Many dietitian/nutritionists have a keen interest in sport and working with athletes. Most sport nutritionists work in private practices and assist athletes in developing optimal eating habits and identifying nutritional strategies to support maximal physical performance capacity. Qualified nutritionists often have sport science and/or nutrition science degrees and are RDN (Registered Dietitian/Nutritionists) with the BC Dietitians’ and Nutritionists’ Association.
Strength and Conditioning Specialists
Certified Strength and Conditioning Specialists receive their designation from the National Strength and Conditioning Association, a US based organization. Currently there is no Canadian equivalent, however, certified fitness appraisers often have been exposed to similar training in the strength and conditioning area.
The Team behind the team should be a comprehensive one and, when working together, each member of the medical services team respects and values the contribution and skills that the other individuals bring to the group. Well prepared coaches and parents should always know who they can go in their network in order to get the right information and assistance.

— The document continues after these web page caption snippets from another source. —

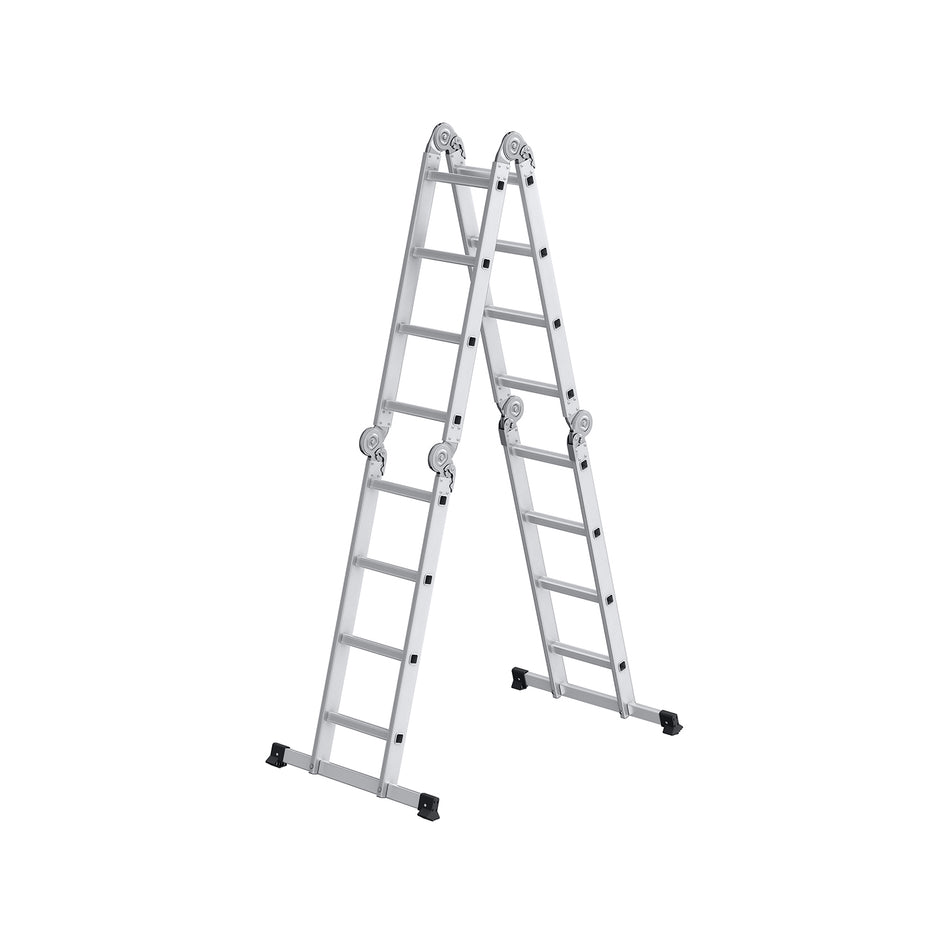 Leiter mit 16 Stufen in 6 Positionen 430 cm lang Silber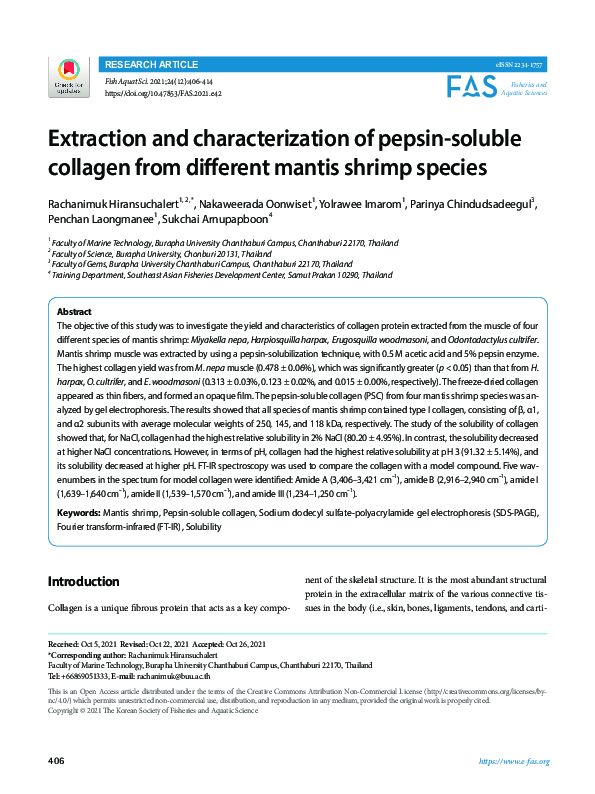(PDF) Extraction and characterization of pepsin-soluble collagen from ...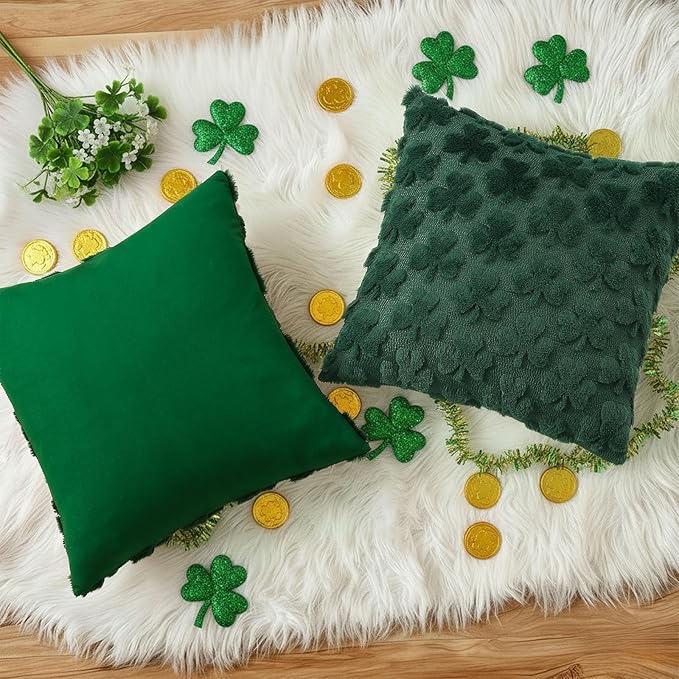 decorUhome St. Patrick’s Day Shamrock Green Pillow Covers 16x16 Inch Set of 2, Soft Plush Faux Wool Throw Pillow Covers, Farmhouse Spring Holiday Decor for Sofa Living Room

One of the most well used services provided by SportMedBC is the online Directory of BC Practitioners that lists individuals who are dedicated to the development and delivery of services for the benefit of the sport, recreation and fitness communities in British Columbia. Each of the listed practitioners have met the standards set by their various professional associations to be involved in the sport medicine / sport science field. The directory is searchable by profession, area of the province, and by name. It is regularly updated and is an excellent resource for coaches and parents of athletes at all levels. To access the Directory, click here.
Copyright held by SportMedBC. For information contact email@example.com.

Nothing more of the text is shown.